The settlement offers involve lease-in/lease-out (LILO) and sale-in/sale-out (SILO) transactions. More than two-thirds of corporations that received a LILO or SILO settlement offer from the IRS have decided to accept the offer. Those accepting the offer had more than 80 percent of the total number of LILO and SILO leases, according to the IRS.

These leases involve about 80 percent of the dollars in dispute and will require the corporations to concede billions of dollars in tax deferrals. Participation in the settlement remains preliminary until final closing agreements are reached between the individual corporate taxpayers and the IRS.

"This broad response from some of the nation's largest corporations reflects the success of the IRS campaign against aggressive tax shelters," said IRS Commissioner Doug Shulman (pictured) in a statement. "Corporations that have chosen to settle have done the right thing by putting this behind them. For those who failed to take us up on this offer, we will vigorously pursue their cases."

In August, the IRS gave companies 30 days to agree to a settlement (see IRS Presents Ultimatum on Tax Shelters).
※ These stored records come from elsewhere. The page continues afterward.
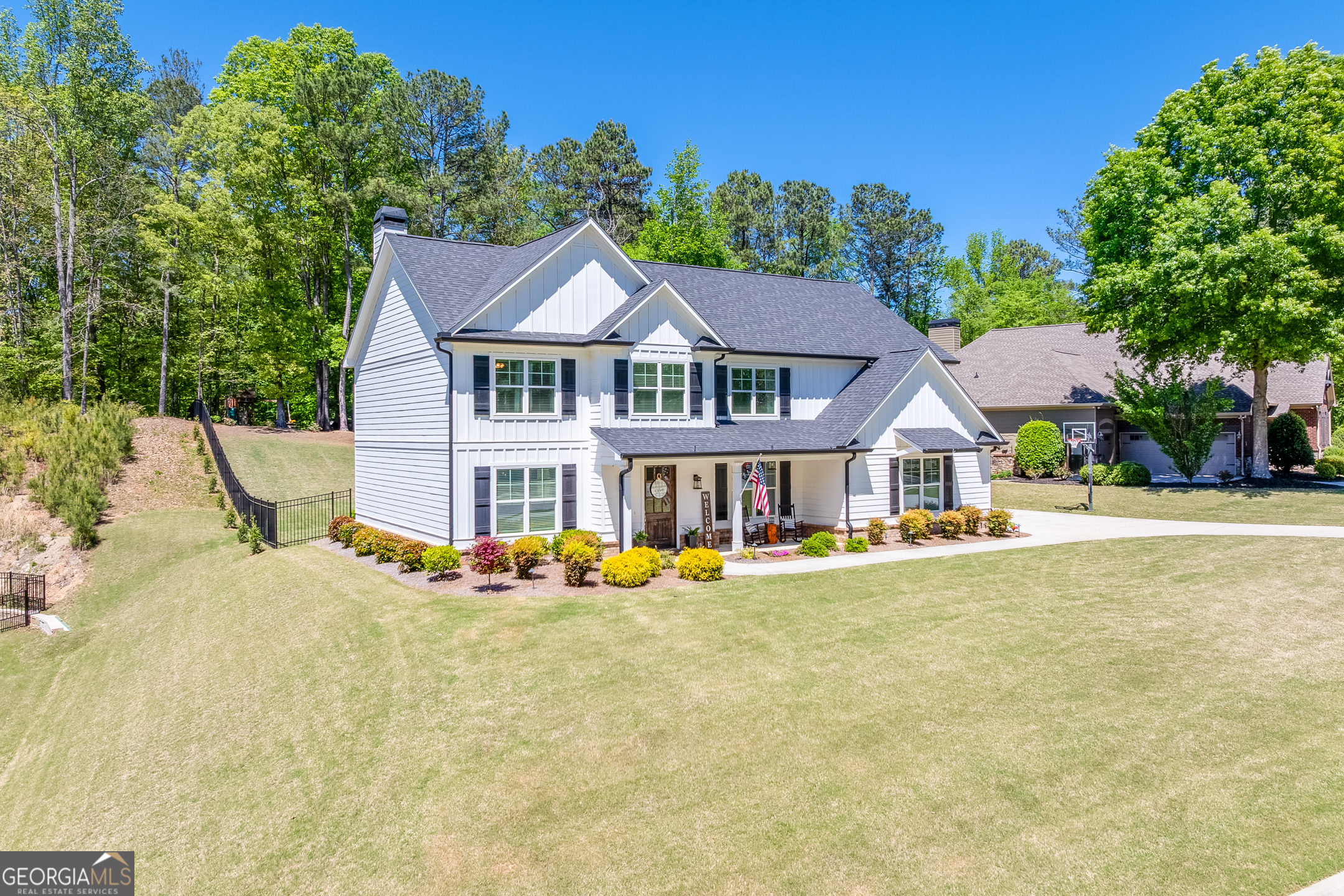 3247654999 Homes for Sale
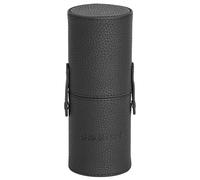 DA VINCI 4811E Support pour pinceaux et ustensiles de maquillage Noir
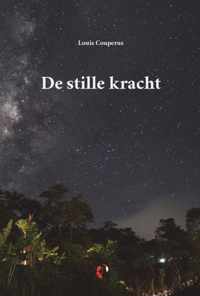 Lalito Klassiek  -   De stille kracht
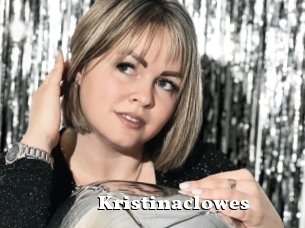 Kristinaclowes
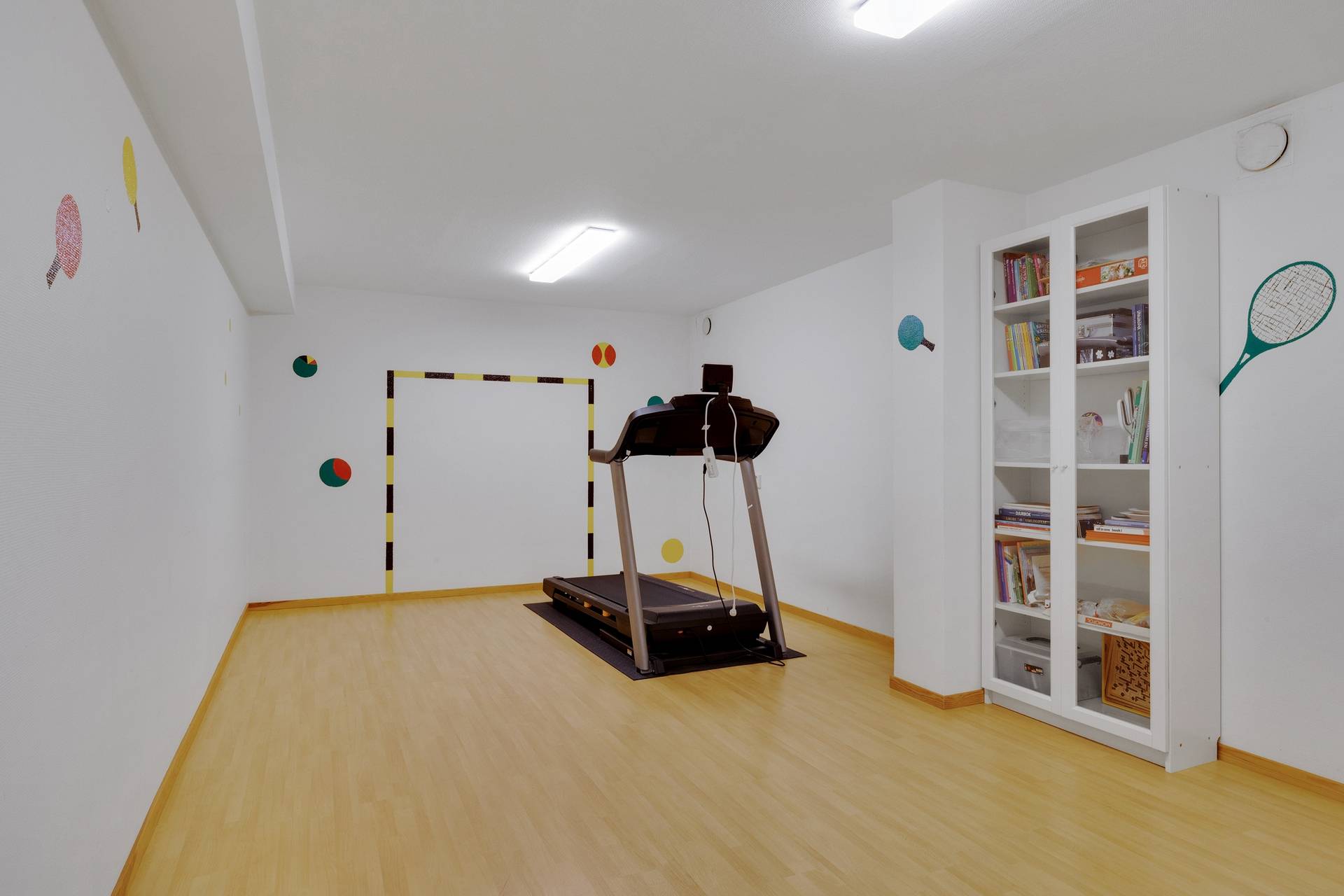 6 rum Villa på Nedre Kåröd 132 Hogstorp Uddevalla kommun - bild 37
LILOs and SILOs involve complex arrangements in which some of the nation's largest corporations purportedly leased or purchased large assets, such as foreign rail systems or sewer systems, and immediately leased them back to their original owners. Under these arrangements, corporate taxpayers put off recognition of current income for tax purposes for many years.

The IRS designated LILOs as listed transactions in 2000. SILOs were designated in 2005. Since then, the government has gone to court and successfully challenged these transactions as having no purpose other than creating tax benefits. The IRS has won several recent cases involving the transactions, including cases against BBT Corp. and Fifth Third Bancorp (see Government Wins Another Tax Shelter Case).

Prior to the settlement initiatives, there were hundreds of these transactions that had yet to be fully examined or adjudicated fully. The large percentage of eligible corporations electing to participate in the settlement offer substantially lessens the examination inventory.

More than 30 companies have agreed to the settlements so far. Among the companies that have said they agreed to settlements are Key Corp., which took a $1.01 billion charge, Bank of New York Mellon, and Wachovia, which took a $975 million charge, according to Reuters.

Under the terms of the settlement offer, corporations that elected to participate have a number of conditions to satisfy to reach a final closing agreement with the IRS.  The IRS expects to finalize most of the closing agreements within several months.